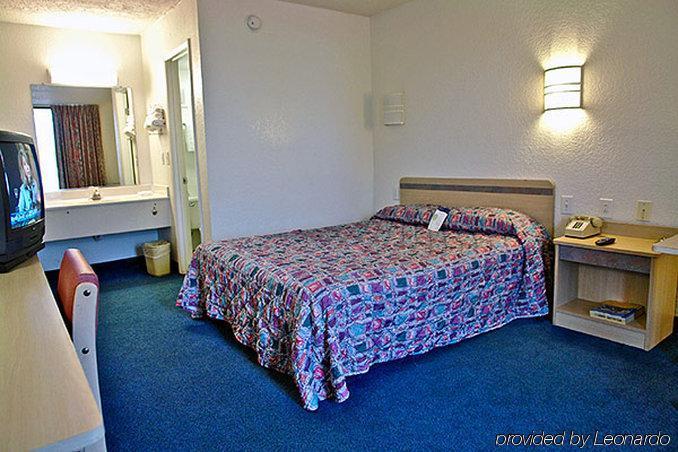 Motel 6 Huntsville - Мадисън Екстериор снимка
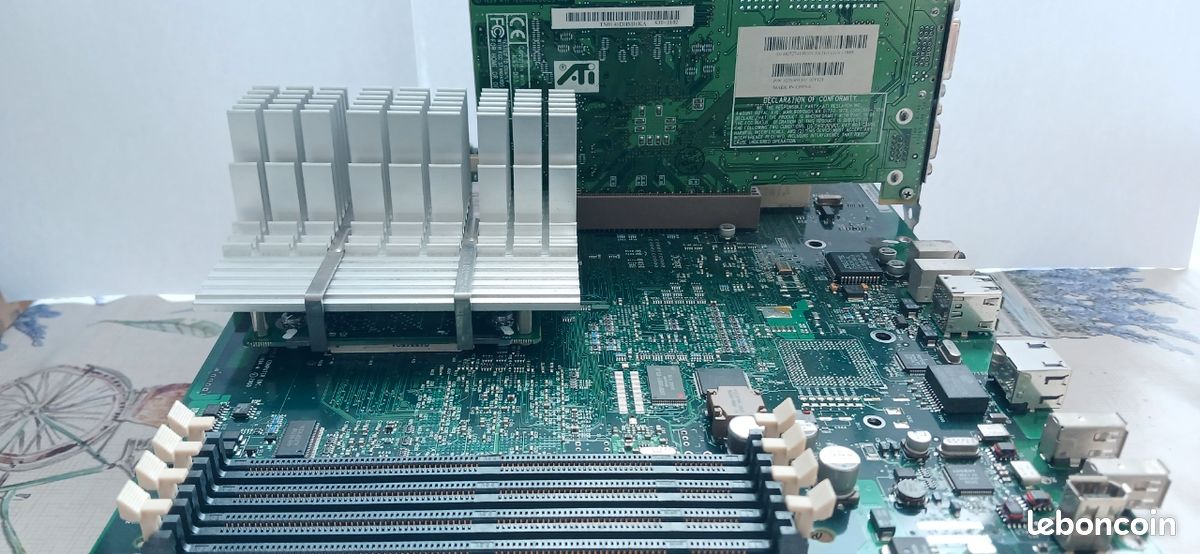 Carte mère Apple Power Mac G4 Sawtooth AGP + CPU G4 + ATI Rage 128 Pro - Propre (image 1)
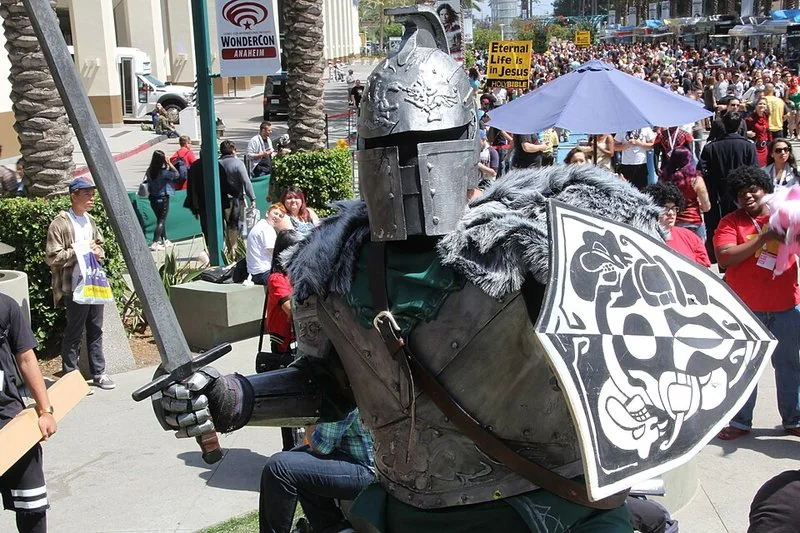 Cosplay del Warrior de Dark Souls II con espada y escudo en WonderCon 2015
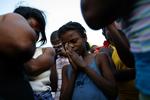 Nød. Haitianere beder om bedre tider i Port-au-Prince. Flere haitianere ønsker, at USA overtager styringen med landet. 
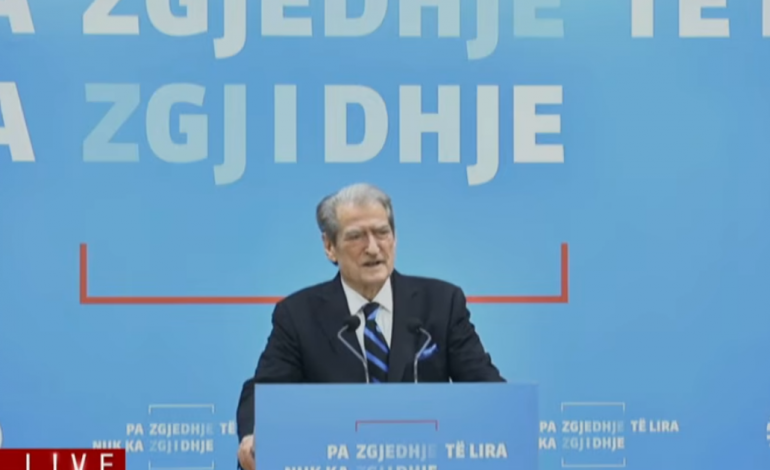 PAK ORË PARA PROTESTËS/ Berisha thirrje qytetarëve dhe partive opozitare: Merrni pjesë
_ _ _ _ _
__Task instructions__
Repeat the data above exactly, images excluded.

__Output of the task__
 Motel 6 Huntsville - Мадисън Екстериор снимка
 Carte mère Apple Power Mac G4 Sawtooth AGP + CPU G4 + ATI Rage 128 Pro - Propre (image 1)
 Cosplay del Warrior de Dark Souls II con espada y escudo en WonderCon 2015
 Nød. Haitianere beder om bedre tider i Port-au-Prince. Flere haitianere ønsker, at USA overtager styringen med landet. 
 PAK ORË PARA PROTESTËS/ Berisha thirrje qytetarëve dhe partive opozitare: Merrni pjesë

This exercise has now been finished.